→ **Exercise instructions**:
Output, exactly as written, the lines below starting at the line containing "If you're not" and ending at the line containing "We're also going". Drop the pictures and keep both end lines.

→ **Data for this exercise**:
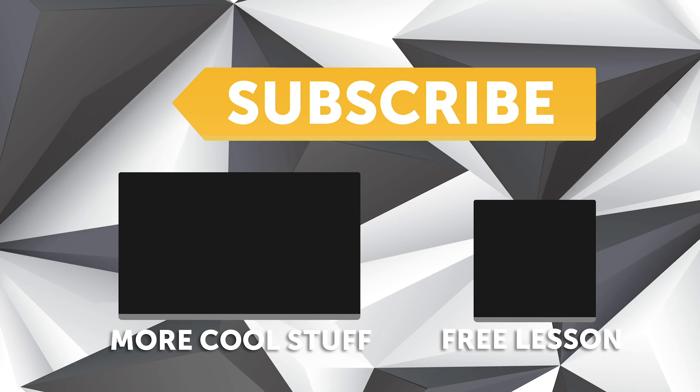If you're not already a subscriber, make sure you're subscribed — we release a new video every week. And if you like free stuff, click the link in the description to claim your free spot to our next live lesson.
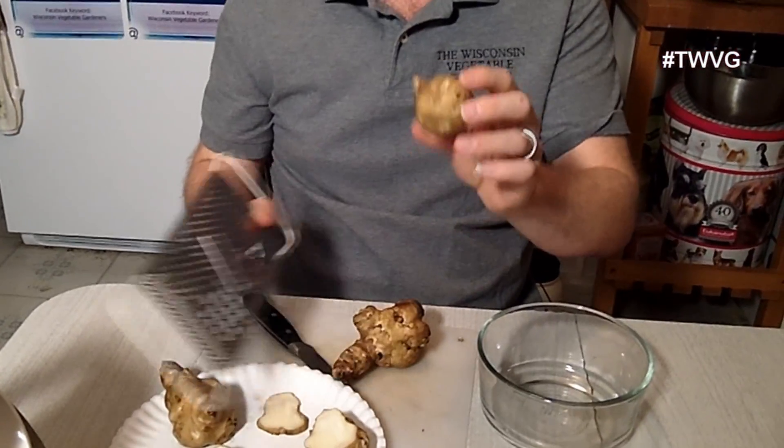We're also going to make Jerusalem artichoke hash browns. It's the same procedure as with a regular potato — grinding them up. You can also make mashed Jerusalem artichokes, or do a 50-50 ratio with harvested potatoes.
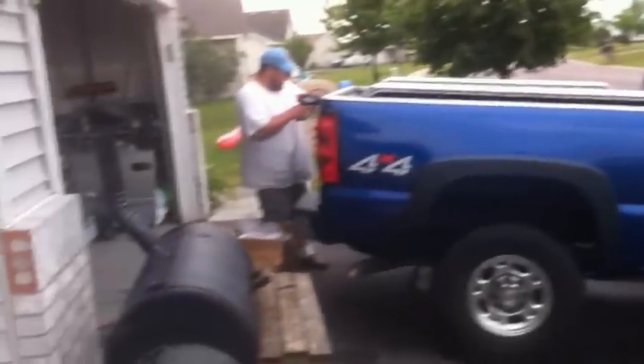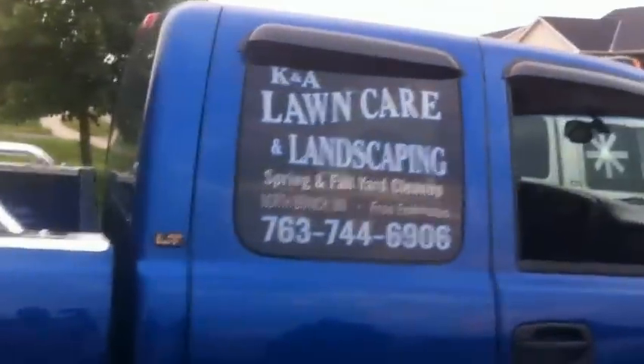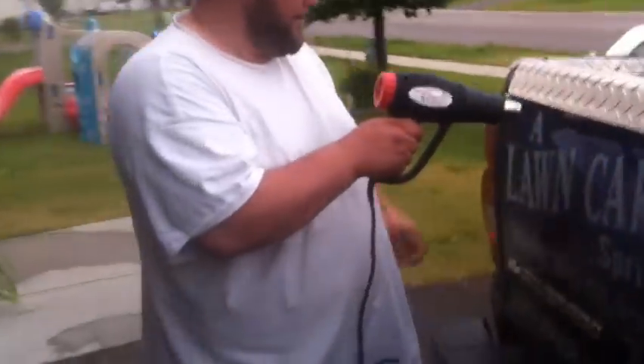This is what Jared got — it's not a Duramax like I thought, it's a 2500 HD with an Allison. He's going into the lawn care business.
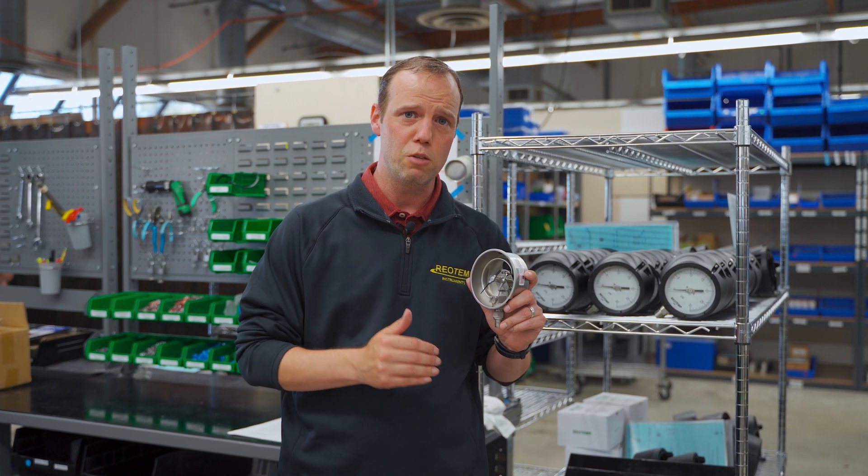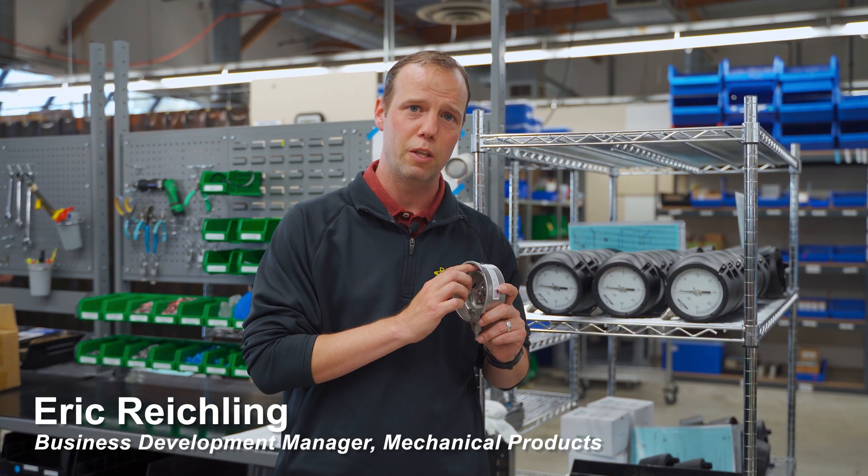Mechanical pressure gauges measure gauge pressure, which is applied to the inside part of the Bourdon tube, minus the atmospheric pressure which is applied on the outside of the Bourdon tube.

---

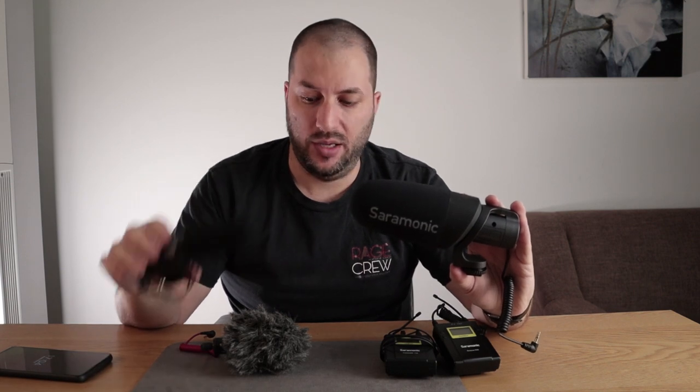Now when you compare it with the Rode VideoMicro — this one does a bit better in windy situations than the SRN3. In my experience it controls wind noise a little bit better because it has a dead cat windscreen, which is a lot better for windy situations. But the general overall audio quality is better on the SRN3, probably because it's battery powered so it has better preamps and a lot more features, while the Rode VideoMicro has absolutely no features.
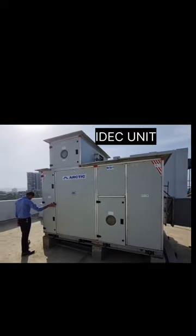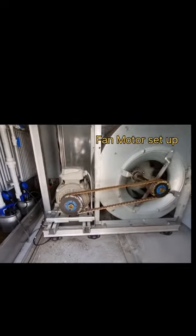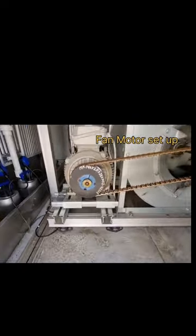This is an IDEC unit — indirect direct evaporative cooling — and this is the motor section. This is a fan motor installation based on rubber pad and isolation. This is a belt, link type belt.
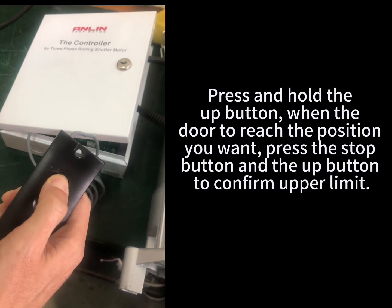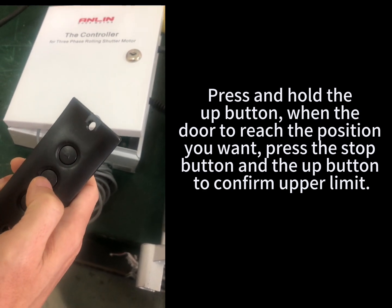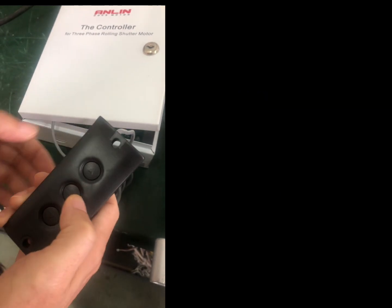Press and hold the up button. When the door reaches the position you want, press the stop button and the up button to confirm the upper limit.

→ **Answer section**:
If you're not already a subscriber, make sure you're subscribed — we release a new video every week. And if you like free stuff, click the link in the description to claim your free spot to our next live lesson.
We're also going to make Jerusalem artichoke hash browns. It's the same procedure as with a regular potato — grinding them up. You can also make mashed Jerusalem artichokes, or do a 50-50 ratio with harvested potatoes.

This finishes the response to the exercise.